News: Spotlight Content

New England commercial banks continue to dominate the commercial real estate lending market - by Derek Coulombe

Derek Coulombe

In opposition to most prognostications, 2021 was a strong year for commercial real estate across all asset classes.  As to be expected some property types did lag others, with multifamily, industrial and lab being the runaway winners but even retail, office and hospitality saw strong investments and renewed interest.  Multifamily, industrial and lab were the clear runaway winners, but even those that lagged these leaders, such as retail, office, and hospitality, saw strong investments and renewed interest. Continued investment growth is expected for 2022.  Many investors are flush with cash, and commercial real estate has become a favored asset class.

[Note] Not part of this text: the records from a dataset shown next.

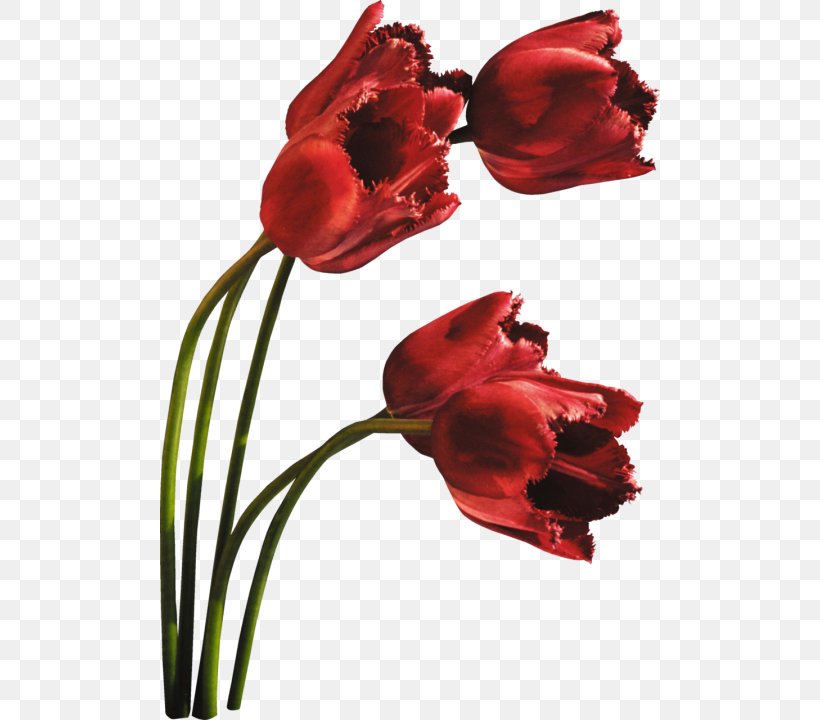 Tulip Cut Flowers Petal Plant Stem, PNG, 500x720px, Tulip, Cut Flowers, Daytime, Flower, Flowering Plant Download Free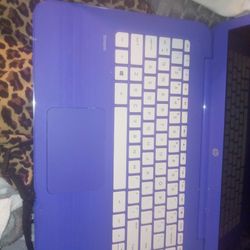 Hp Laptop  works Great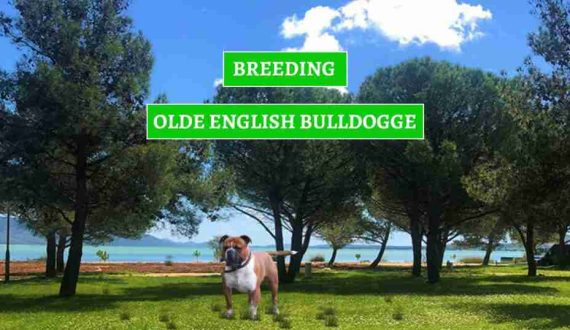 UZGOJ-OLDE-ENGLASH-BULLDOGA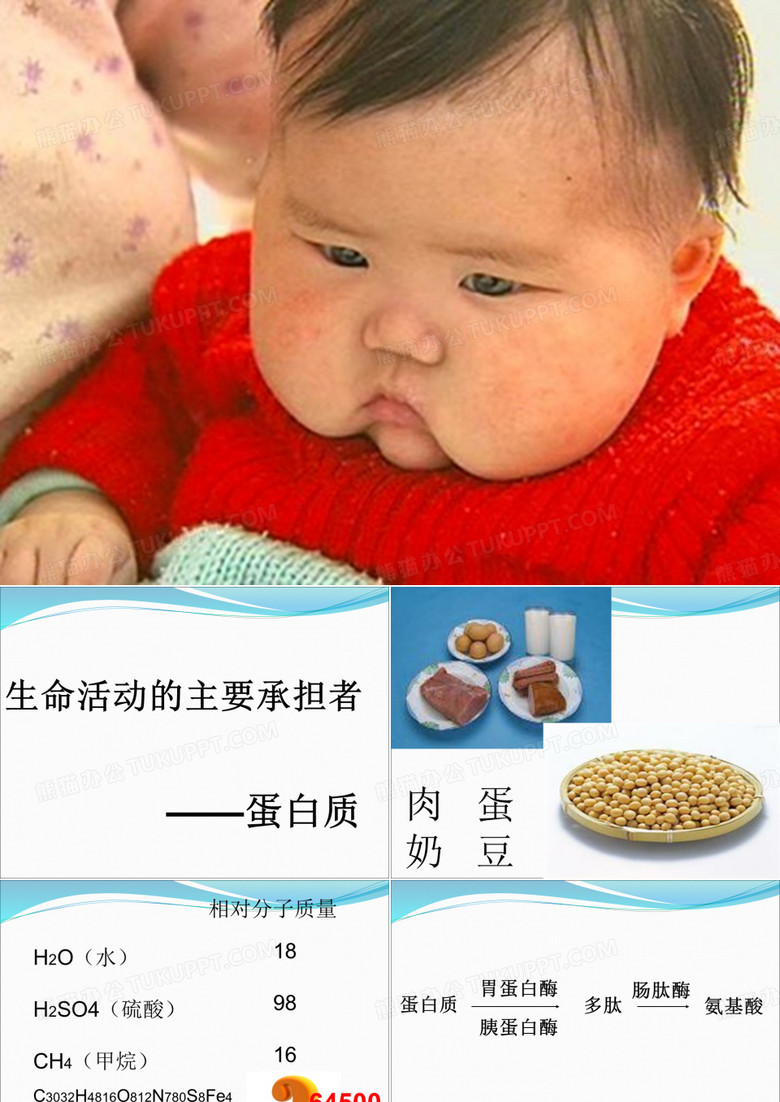 生命活动的主要承担者蛋白质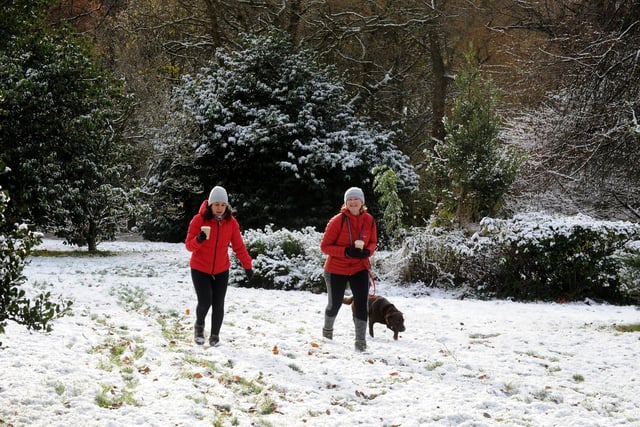 Dog walkers in Roundhay Park in the snow.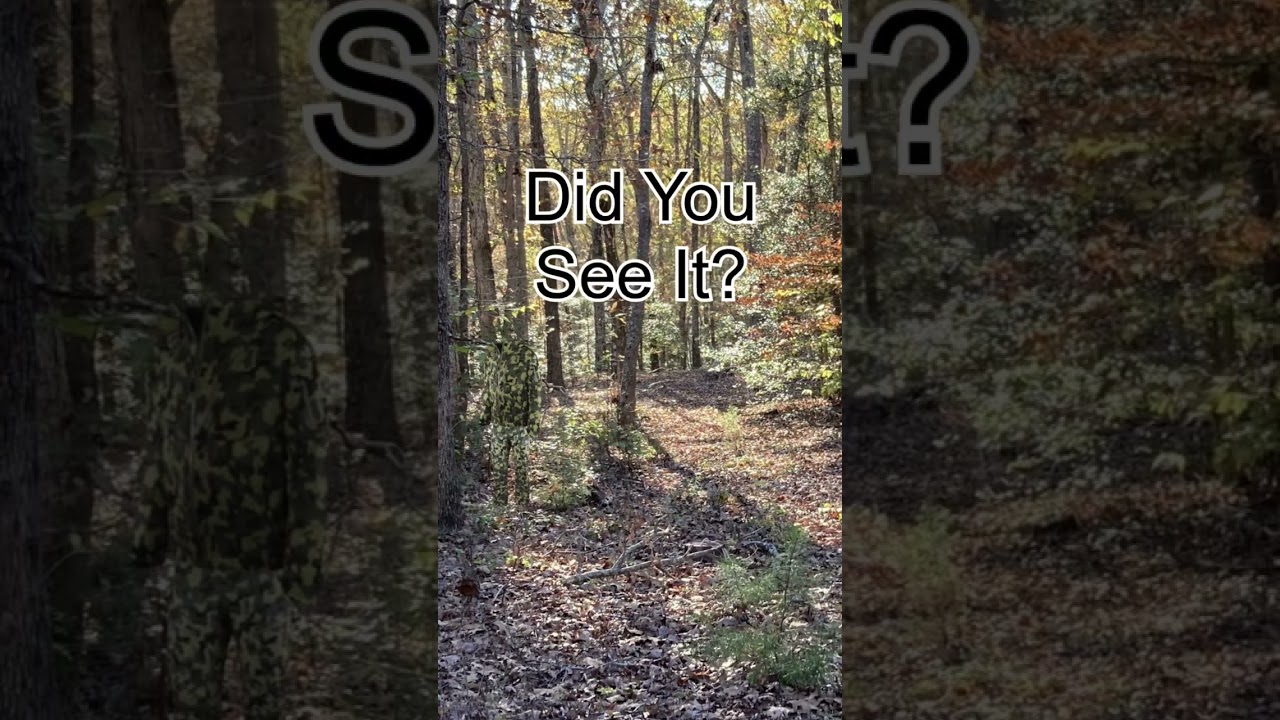 What camo pattern is that!?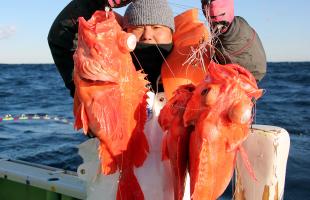 ベストシーズンに突入、千葉県・銚子沖のメヌケ釣り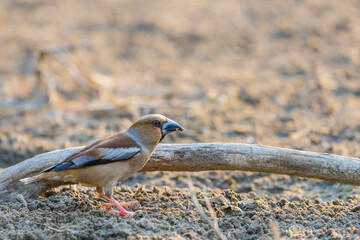 A common hawfinch or Coccothraustes coccothraustes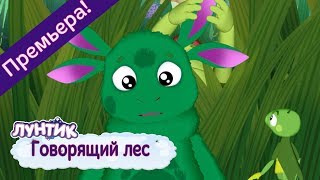 Говорящий лес 🌿 Лунтик 🌲 Новая серия  491  Премьера [upl. by Scotty888]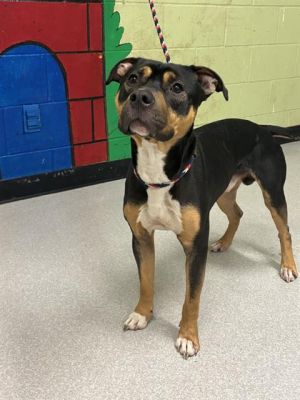 PALOU, Young Male Pit Bull Terrier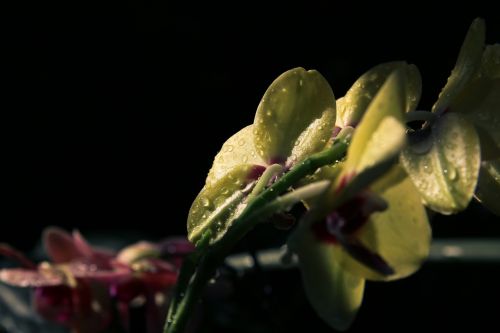 flower plant nature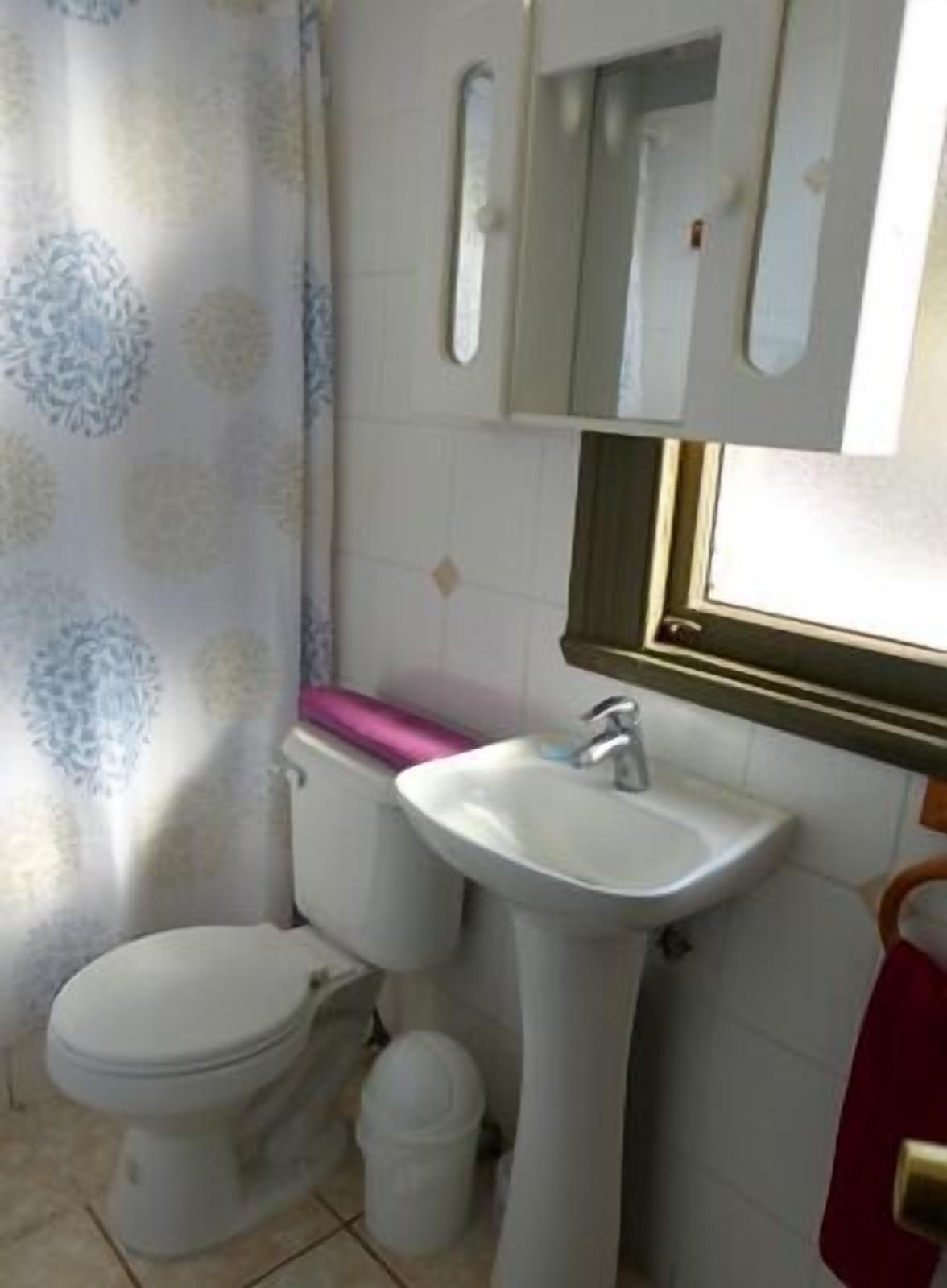 A bathroom with a toilet, sink, and a mirror above the sink.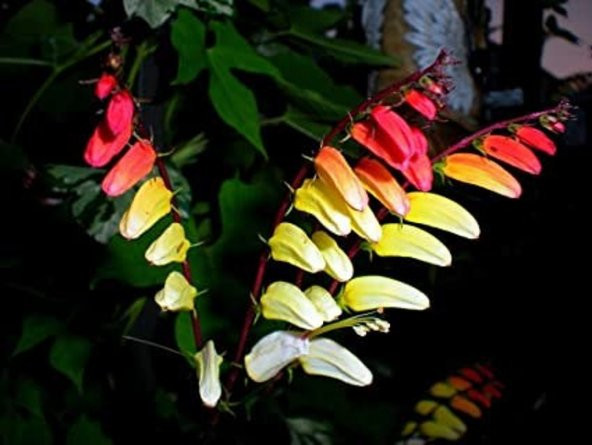 Tohum Dünyam 10 Adet Exotic Love Vine Tohumu - 5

Combined with a growing economy, this will fuel demand for more space, resulting in further cap rate pressure.

The Federal Reserve has made their position on rates quite clear and the looming interest rate hikes over the next six to eight quarters will certainly affect the underlying indexes lenders use to price debt.  However, spreads will likely tighten, and the overall coupon will not move basis point by basis point.

New England’s commercial banks continue to dominate the commercial real estate lending market.  Bolstered by greater liquidity than ever banks are well positioned to continue originating new loans and becoming an even larger part of New England’s financing scene.  Banks are currently in flux about how to price long-term financing as they move away from LIBOR but have not yet gained traction with SOFR.  As a result, lenders are increasingly quoting coupons. While this would normally push lenders towards more 5- and 7-year offerings, such a shift hasn’t yet occurred.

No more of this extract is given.